Only linear effects can be expressed as single numbers known as coefficients in linear models. The coefficients hold either a negative or positive sign quickly indicating the direction and magnitude of the effect. However, the world is not linear, and this simplifying assumption often makes us more stupid than we really are. We need to allow for non-linear effects. And the QLattice does exactly that. That is all well and good, you say - how do we express non-linear effects then? One approach is the partial plot. With a partial plot you are asking: What is the effect of my feature of interest on the output given a set of fixed values for the remaining set of features in your model.

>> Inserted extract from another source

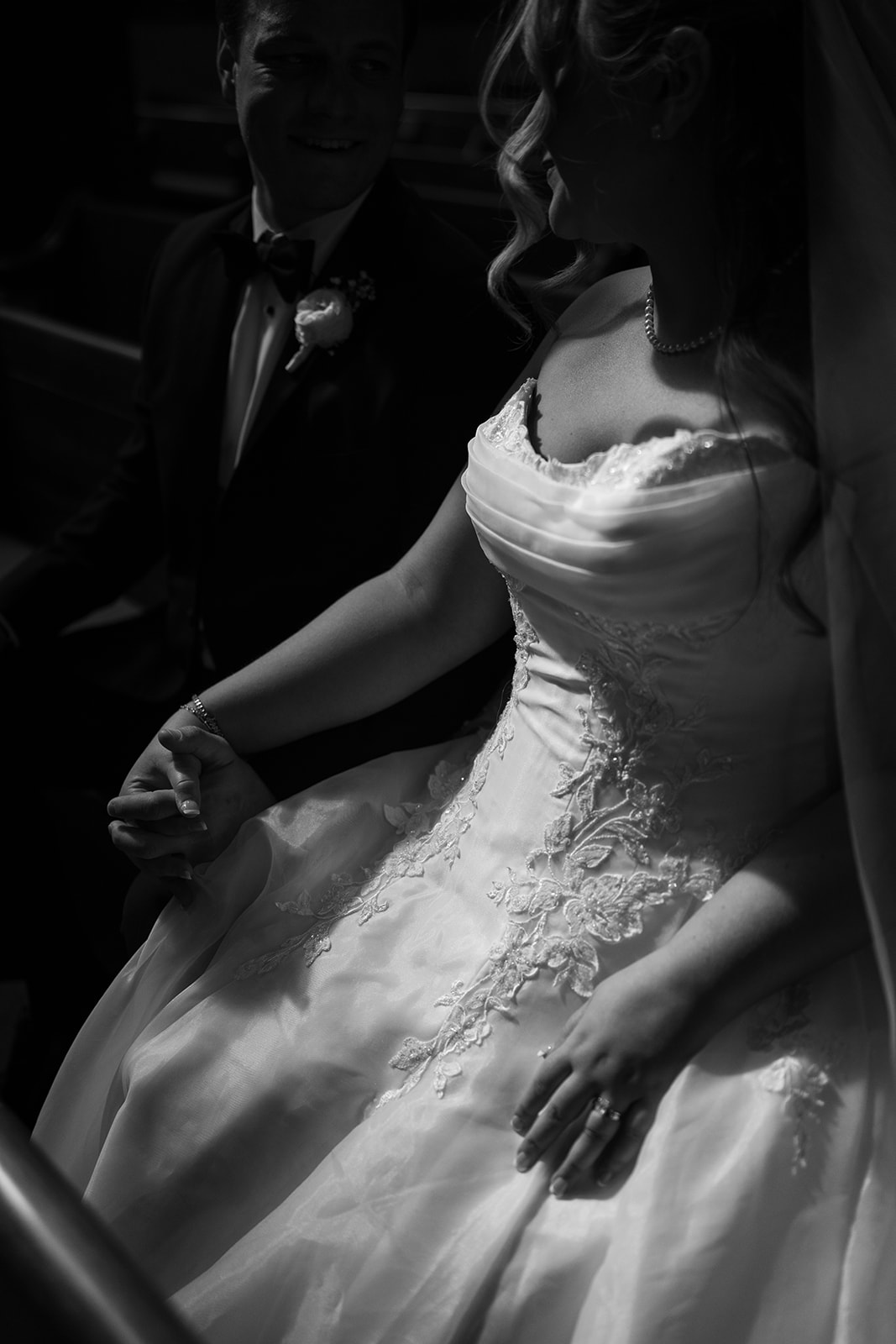 Dark black-and-white detail portrait of Hannalee's wedding gown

The standard approach would be to let the mean and mode represent the fixed values of the remainders and let the feature of interest vary. This would result in one line in a graph showing the model's prediction for the "mean" instance of your data. However, the mean instance might now represent your data in a meaningful way which is why in our implementation we have allowed for setting the fixed values of the other model features manually. We will start with the partial plot of the mean instance as indicated in the `fixed`

input to the partial plot call:

```
plot_partial(graph = best_graph,
dataframe = train,
by = 'LSTAT',
fixed = {'CRIM': train.CRIM.mean(), 'RM': train.RM.mean()})
```

The question of **prediction support** is covered by the partial plot. The actual data is shown as a scatter plot in grey accompanied by the associated histograms on the two axis. The potential predictions of the graph are shown by lines for each set of fixed values. As per default the set of fixed values will include the `10%`

, `50%`

, and `90% percentile`

of each numerical fixed feature, while the `three most frequent categories`

will be displayed for categorical features. This can amount to a lot of lines in the plot if you have a high number of features in the model - in that case I propose that you are strict with the fixed values and set them manually and to less than three values for each remainder feature.

Here the default partial plot behavior is shown – the fixed values are shown in the legend:

```
plot_partial(graph = best_graph,
dataframe = train,
by = 'LSTAT')
```

Here it becomes obvious how high CRIM numbers changes the behaviour of the model drastically – high CRIM allows the model to capture the lowest price ranges. Partial plotting is handy to double check your graph behaviour.

## Segment your model fitness

Is there certain parts of my dataset where my model is failing? And consequently, how do I know where to focus my efforts in improving my model? We answer this question with a segmented loss plot. This plot displays the distribution of a feature (or as per default the output variable) in a histogram (or frequency bar plot for categorical features). This histogram is overlayed with the average loss for the associated bin or category.

```
plot_segmented_loss(graph = best_graph,
data = train)
```

From this plot we see that the higher price ranges are the more difficult for the graph to grasp.

The findings from segmented loss plots might lead to tinkering with feature engineering, sample weighting (available in the fit call), and/or outlier alterations.

Let's have a look at the segment plot by LSTAT:

```
plot_segmented_loss(graph = best_graph,
data = train,
by = 'LSTAT')
```

The price is easier predicted for higher LSTAT numbers – except for numbers around 30 that is.